## ACTIVITY
Drop the images. Copy every line below character for character.

[[ RECORDED INFORMATION open ]]

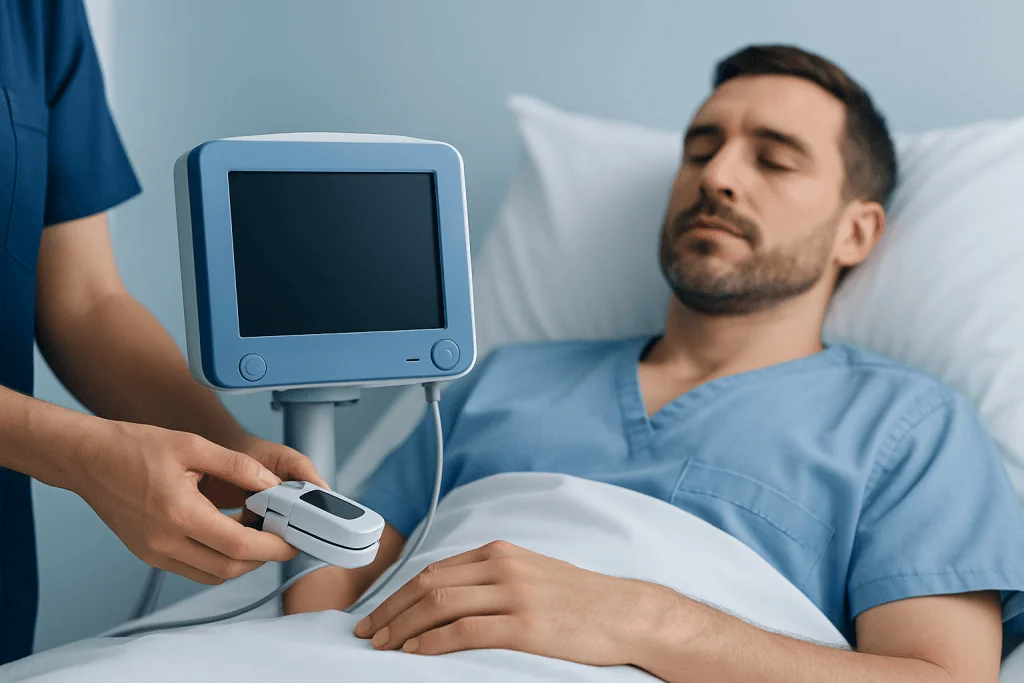 Patient undergoing pulse oximetry test for oxygen level monitoring.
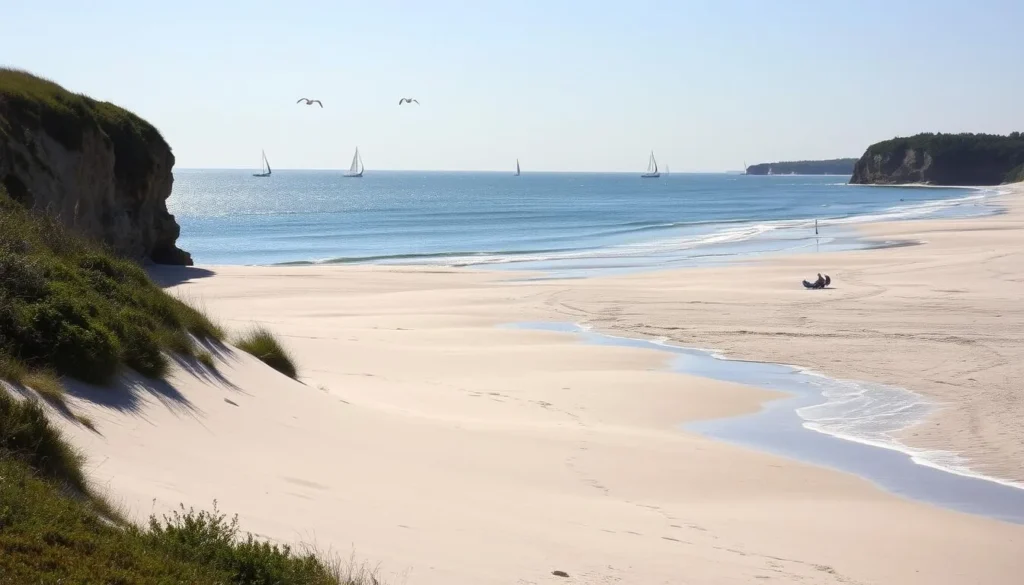 A picturesque beach along the Connecticut coastline, Silver Sands shimmers under the warm sun. Soft, silver-hued sand stretches out, meeting the gently lapping waves of the Long Island Sound. Towering dunes, dotted with lush vegetation, frame the scene, creating a natural and serene setting. In the distance, the silhouettes of sailboats dot the horizon, their masts swaying in the light breeze. Seagulls glide overhead, their cries echoing across the tranquil waters. The overall atmosphere is one of peaceful relaxation, inviting visitors to bask in the beauty of this coastal paradise.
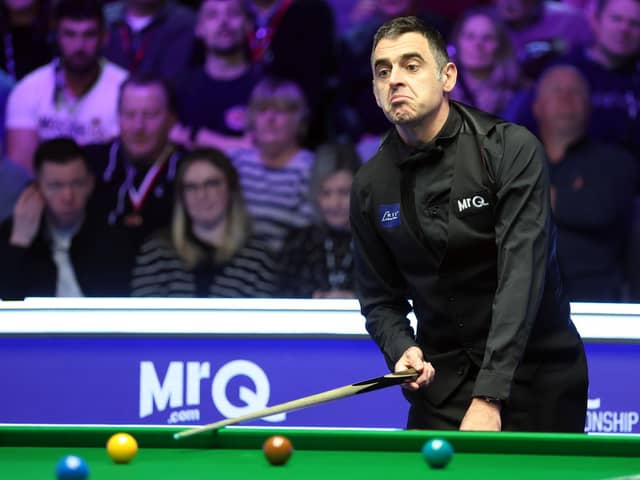 Ronnie O’Sullivan on day six of the 2023 MrQ UK Championship at the York Barbican (Picture: Nigel French/PA)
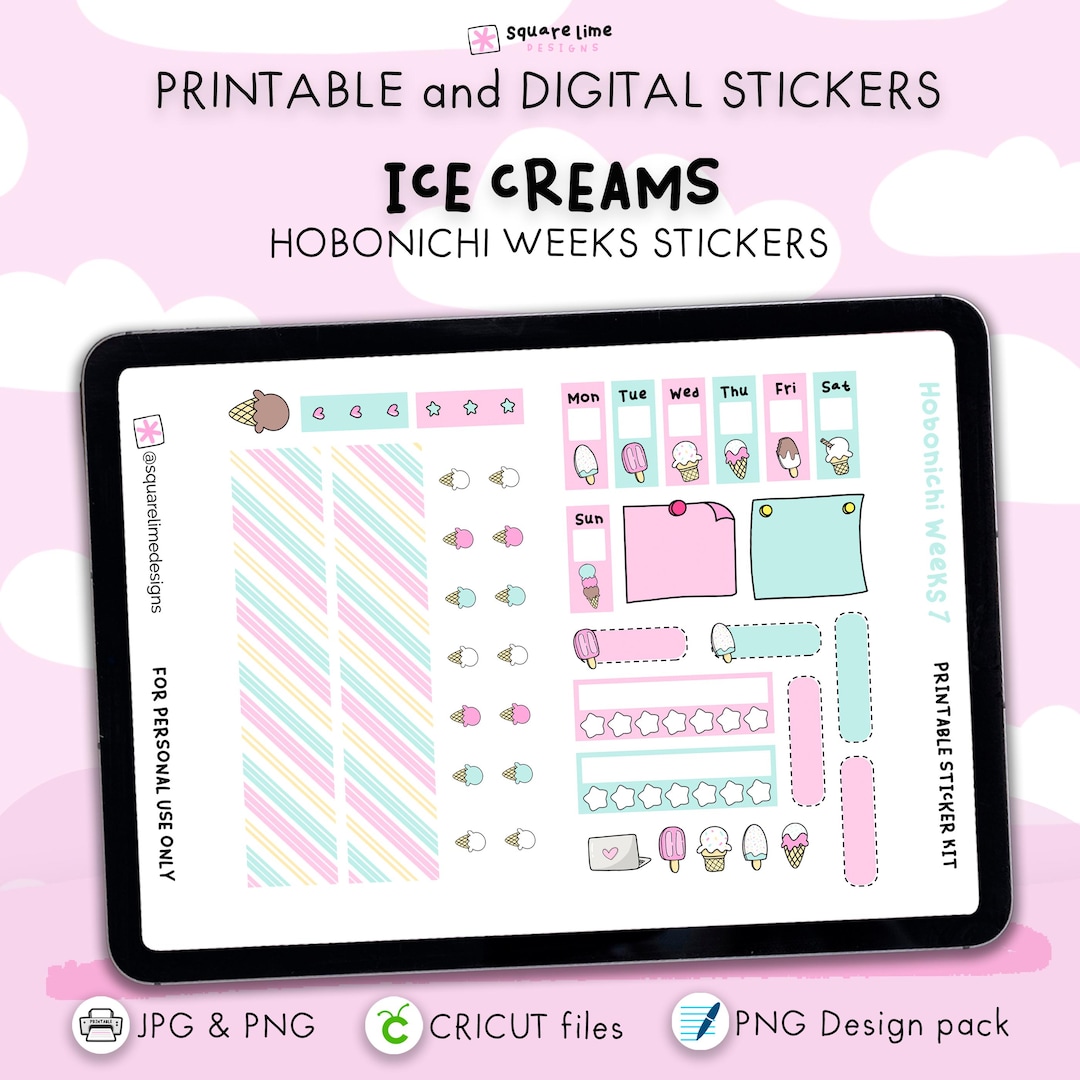 Ice Creams Hobonichi Weeks Sticker Kit – Printable and Digital Stickers ...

[[ RECORDED INFORMATION closed ]]

## ANSWER FOR THE TASK
 Patient undergoing pulse oximetry test for oxygen level monitoring.
 A picturesque beach along the Connecticut coastline, Silver Sands shimmers under the warm sun. Soft, silver-hued sand stretches out, meeting the gently lapping waves of the Long Island Sound. Towering dunes, dotted with lush vegetation, frame the scene, creating a natural and serene setting. In the distance, the silhouettes of sailboats dot the horizon, their masts swaying in the light breeze. Seagulls glide overhead, their cries echoing across the tranquil waters. The overall atmosphere is one of peaceful relaxation, inviting visitors to bask in the beauty of this coastal paradise.
 Ronnie O’Sullivan on day six of the 2023 MrQ UK Championship at the York Barbican (Picture: Nigel French/PA)
 Ice Creams Hobonichi Weeks Sticker Kit – Printable and Digital Stickers ...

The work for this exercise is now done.